Can you wrap your head around that? Less than 1000 people control all the wealth for the other 7 billion people who happen to be alive on this planet.

The environment is a wreck, the world is being destroyed, entire coral reefs are dying, we are pouring radiation into the sea, there are artificial islands of trash in the ocean.

We as a species will not last more than 100 more years on this planet.

What exactly "works" in your opinion? You have an iPhone built by slaves in China? Is that it? What works?


There are problems in the world but people will exist on the planet for far far longer than 100 years into the future.

Plastic in the ocean won't stop that, coral reefs dying won't stop that, global warming won't stop that, nuclear war won't stop that.

Not saying we shouldn't try to solve problems but lets keep things in perspective here.


"The ocean's dying. The plankton's dying. It's people. Soylent green is made out of people. They're making our food out of people. Next thing they'll be breeding us like cattle... for food. You've gotta tell 'em."

You've gotta tell 'em!


> 99,99% of world wealth is held by less than 1000 people.

Citation needed.


I'm not quite sure this says 99.99%, but it's bleak none the less.

https://www.theguardian.com/global-development/2017/jan/16/w...


It looks bleak, but 99.99% owned by 1000 people is deliberately misleading.


The thing is..owning capital isnt what it used to be with jewels piling up. Credit allows debt backed by that physical collateral to be used for someones tractor to be built. These people may be 'worth' a lot of money but their wealth is actually more diversified and illiquid than the average person's capital.

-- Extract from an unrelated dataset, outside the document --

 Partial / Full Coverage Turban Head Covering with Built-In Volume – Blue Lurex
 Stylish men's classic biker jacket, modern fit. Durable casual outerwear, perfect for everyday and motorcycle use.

I think its an important distinction because we can easily lose sight when we don't realize that one person's wealth isn't a zero sum loss for the rest of us. In a credit debt economy, we still lose but not binary..more like a percentage. Their money is out there doing work, helping other people. They can call it back eventually..but if someone is so rich they never actually recall their 'floating' assets, is it economically scientific to consider those assets equal to cash under a mattress? I feel like we need a new measure for almost perpetually floating assets so we dont consider ownership as relevant.


Just take a look at the massive rise in quality of life across the world. Your alarmist post is bunk. Life is getting better for everyone all the time.


Regional inequality in the US has gotten markedly worse in the last 40 years[0].

[0] https://washingtonmonthly.com/magazine/novdec-2015/bloom-and...


This is such an empty, meaningless statement that only serves to deflect from the systemic greed and exploitation in the global financial system.

A man whose standard of life was increasing at (for example) 0.01% suddenly finds it increasing at 1.0%?

Or a family of 7 in some famine-stricken, war-torn nightmare now has half a bag of rice instead of a third?

At the same time your share in the overall wealth, prosperity and power of your nation is decreasing and being consolidated in the hands of fewer and fewer people.

A gradually increasing quality of life is something that should be an absolute minimum expectation for society, short of the effects of natural disasters and war. This is not something you should be proud of or use as an excuse to avoid the discomfort of recognising the abuses and excesses of the obscenely wealthy.

Sure the GDP of any given nation might be rising, but that only tells you how wealthy it is, not who actually benefits from that wealth.

You have traded your right to the prosperity of your nation for a an absolute minimum baseline of what will keep people docile and subservient.

And this;

> Life is getting better for everyone all the time.

Is just offensively naive to the extreme.